* **What to do**
Print each record that follows exactly, leaving the pictures behind.

* **Supplied records**
##########

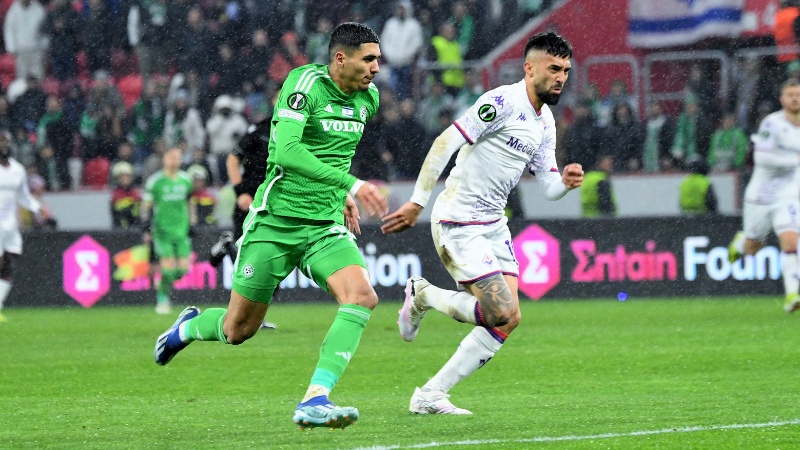 צילום: מכבי חיפה, ראובן כהן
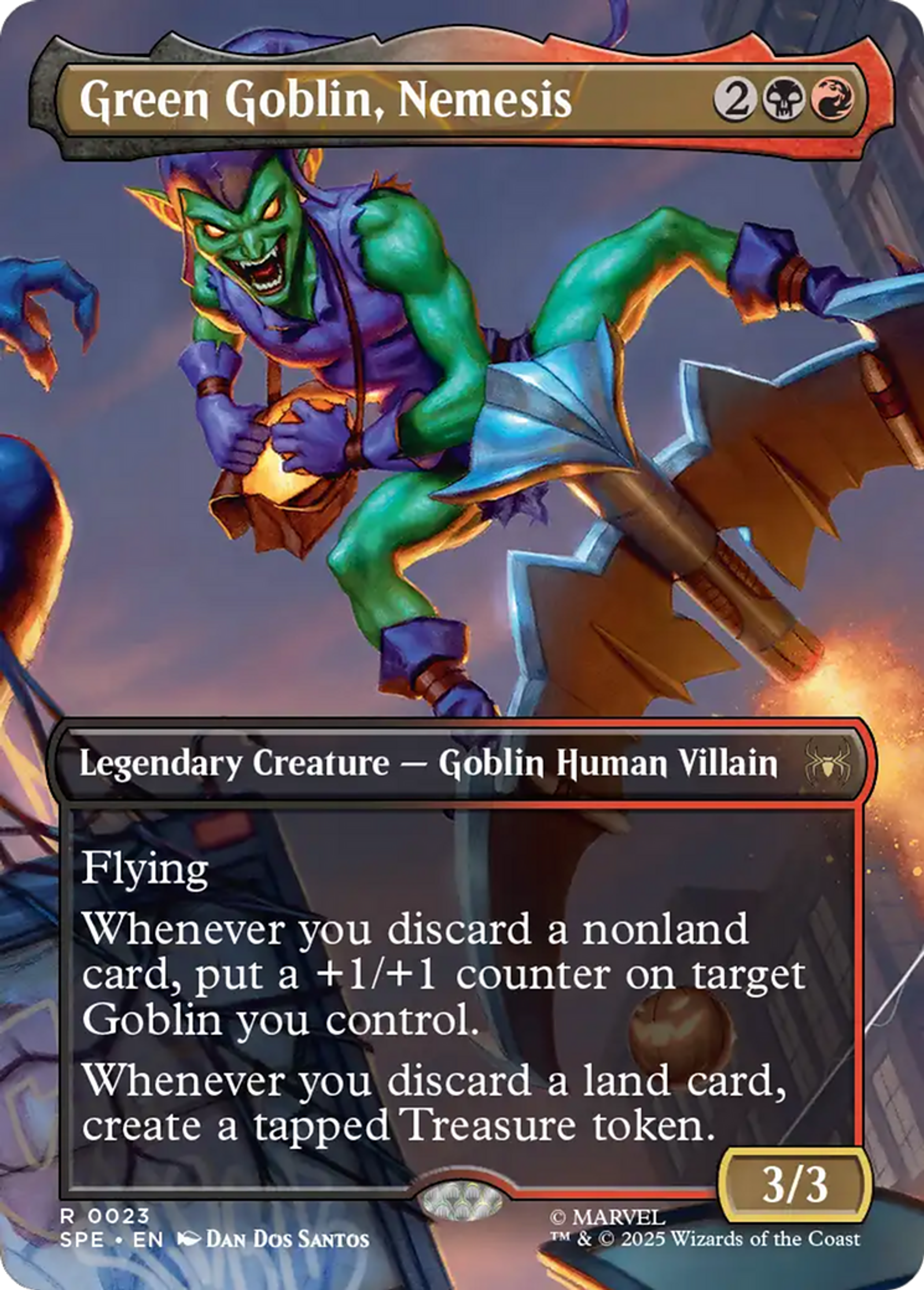 Bouffon vert, ennemi juré — Marvel's Spider-Man Eternal — Magic: The Gathering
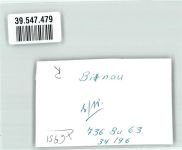 74862 W6951 Binau Privatfoto KEINE AK Ort handschriftlich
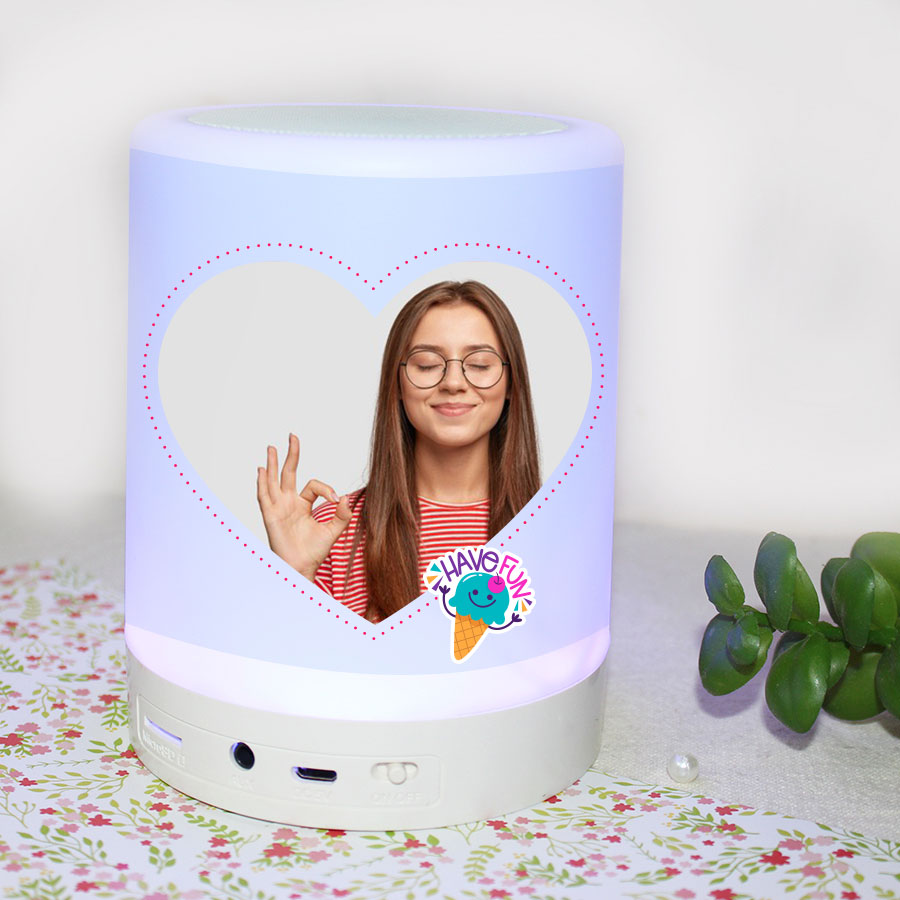 Personalized bluetooth speaker for sister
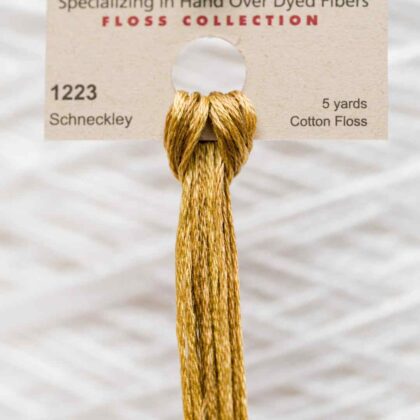 Weeks Dye Works F6-1223-Schneckley-Skein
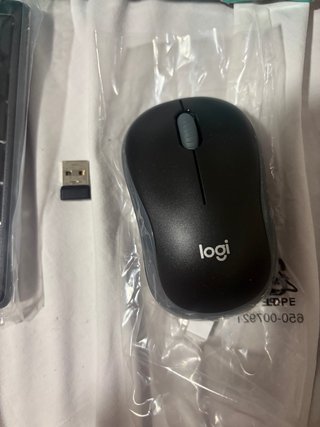 Logitech MK270 Teclado y Ratón Inalámbricos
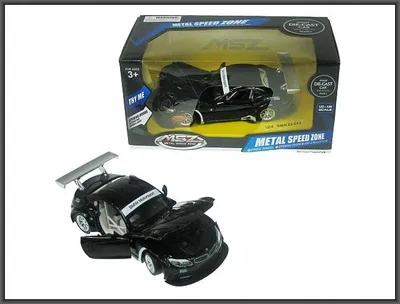 Produktbild von MSZ BMW Z4 GT3 Modellauto mit Licht und Sound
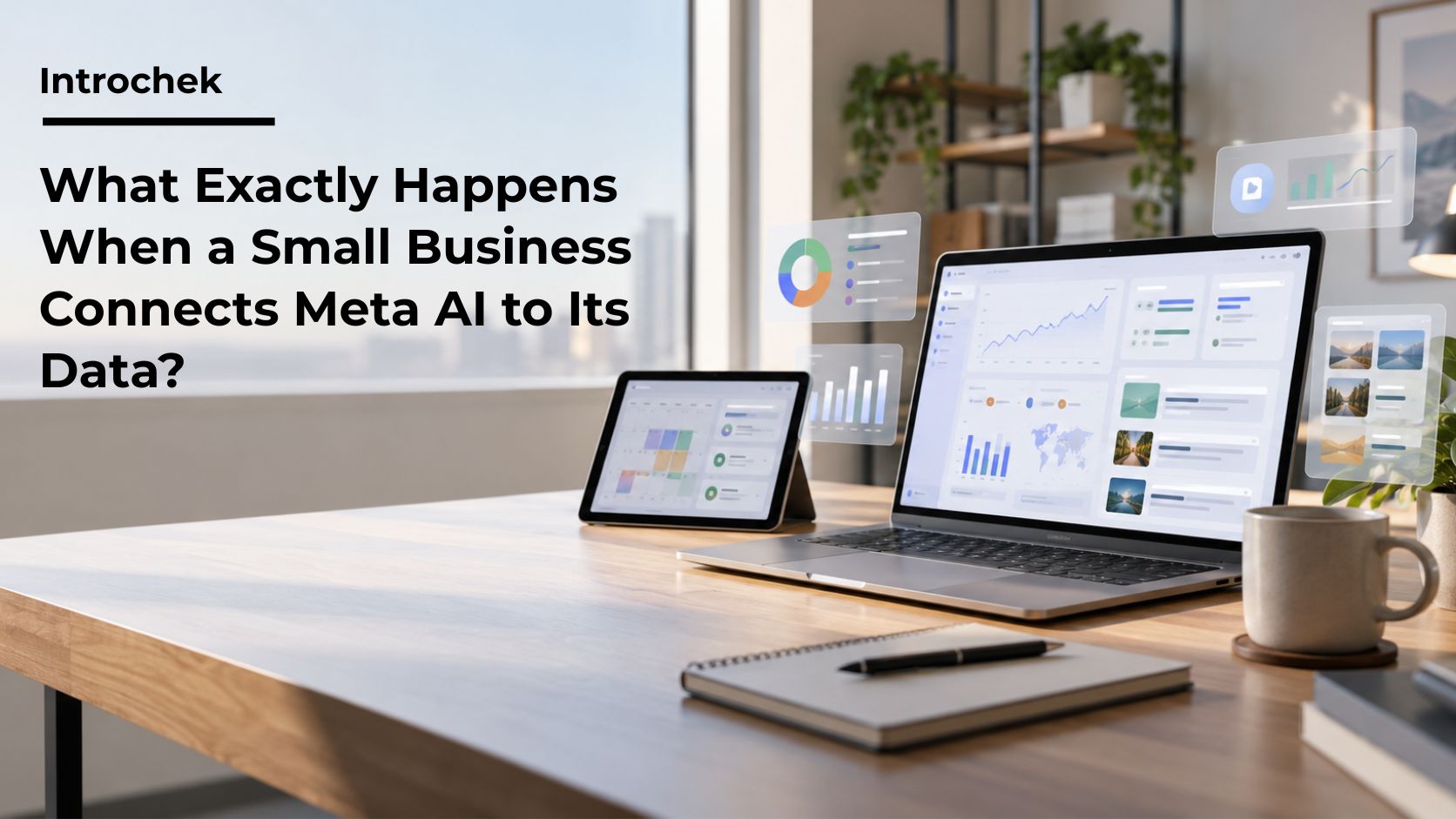 What Exactly Happens When a Small Business Connects Meta AI to Its Data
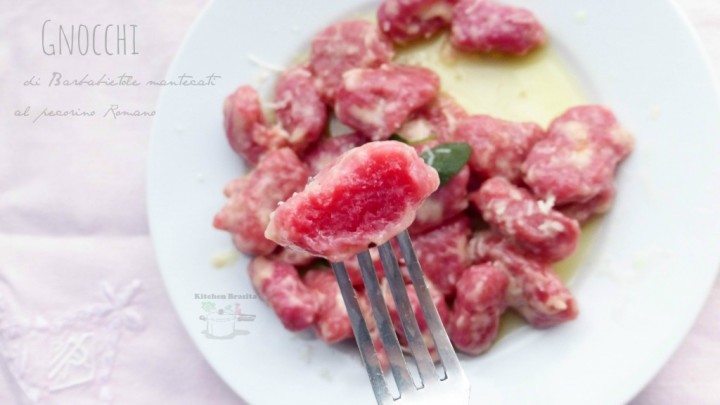 gnocchi di barbietole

##########

* **Solution to this exercise**
 צילום: מכבי חיפה, ראובן כהן
 Bouffon vert, ennemi juré — Marvel's Spider-Man Eternal — Magic: The Gathering
 74862 W6951 Binau Privatfoto KEINE AK Ort handschriftlich
 Personalized bluetooth speaker for sister
 Weeks Dye Works F6-1223-Schneckley-Skein
 Logitech MK270 Teclado y Ratón Inalámbricos
 Produktbild von MSZ BMW Z4 GT3 Modellauto mit Licht und Sound
 What Exactly Happens When a Small Business Connects Meta AI to Its Data
 gnocchi di barbietole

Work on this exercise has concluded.